Cusk represents, over and over, our very artful, often beautified and romanticized, ways of narrating our own lives. Whether we admit it or not, we narrate for an audience. Judging by the storytellers in these books, Cusk might argue that we tend to narrate with the intent of proving our own valor: “This was a story,” her narrator avows at one point, “in which I sensed the truth was being sacrificed to the narrator’s desire to win.” Is it that the act of being listened to makes us dishonest?
While overhearing the stories that Faye is privy to in these novels, you start to sense — vaguely, even uncannily — that you are learning about Faye, too.
I personally love a good tête-à-tête. It took me a long time to realize that not every single person in the world is a huge fan of deep, face-to-face, heart-to-heart, personal conversations — that not every single person I meet will want to hunker down in a booth at a restaurant, or on a couch, or on a patch of grass, and talk for hours. Too bad. But this is what I love so much about these novels: somehow, everyone in them wants to go there. Everyone gets to monologue. The weird thing is, though, that the audience of one — the narrator and protagonist, Faye — is a notably passive interlocutor. She doesn’t cut in with questions, she doesn’t say, “Me, too!" or “That reminds me of…”; she’s a blank canvas onto which her friends and students and colleagues and dinner party acquaintances can project their narratives. She spectates from the nose-bleeds, in the dark, while they take the spotlight, one by one.

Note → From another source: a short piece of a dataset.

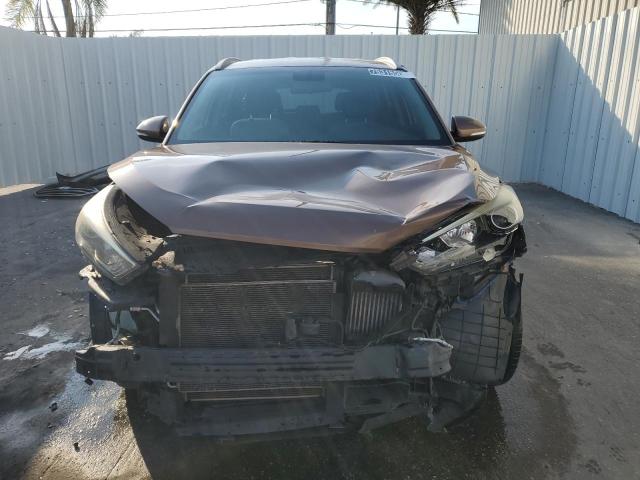 2017 HYUNDAI TUCSON LIM KM8J33A22HU420064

Or is she just a spectator? While overhearing the stories that Faye is privy to in these novels, you start to sense — vaguely, even uncannily — that you are learning about Faye, too. The echoes are not always obvious, but like a twinkle of light in the corner of a room, you sense that some illumination hovers in the periphery, and you desperately need to stick around to catch whatever sidelong glimpse you’ll be allowed.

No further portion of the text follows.